--- SOURCE MATERIAL ---
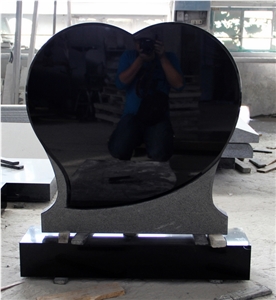 Shanxi Black Granite Polished Heart Monument & Tombstone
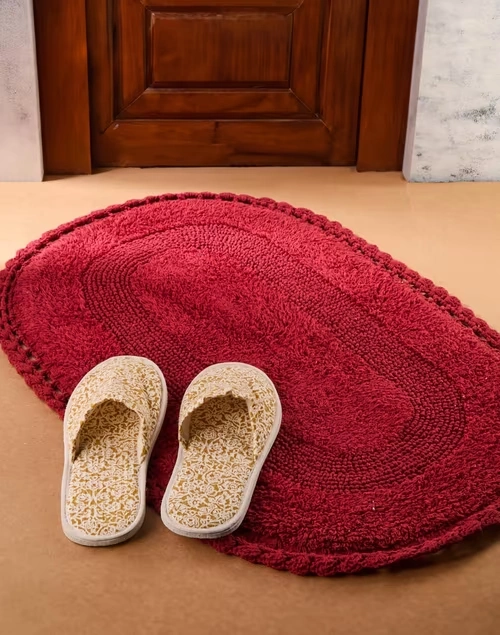Red Cotton Woven Bathmat 50x80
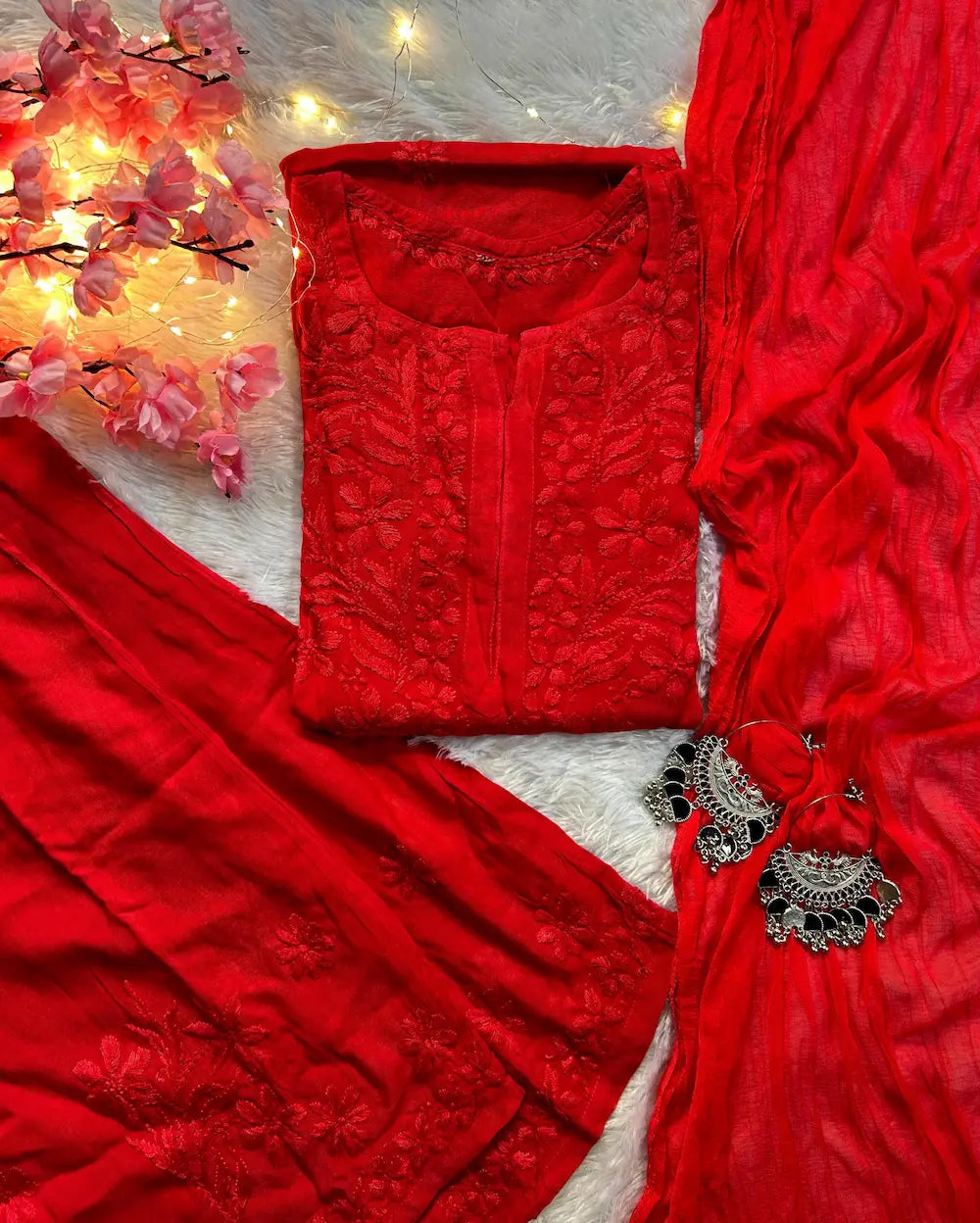 Festive red chikankari suit set rayon kurta, matching plazo & dupatta for women. | Hayat's Lucknowi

--- EXERCISE DESCRIPTION ---
Transcribe the listing exactly; omit all images.

--- OUTPUT OF THE TASK ---
 Shanxi Black Granite Polished Heart Monument & Tombstone
Red Cotton Woven Bathmat 50x80
 Festive red chikankari suit set rayon kurta, matching plazo & dupatta for women. | Hayat's Lucknowi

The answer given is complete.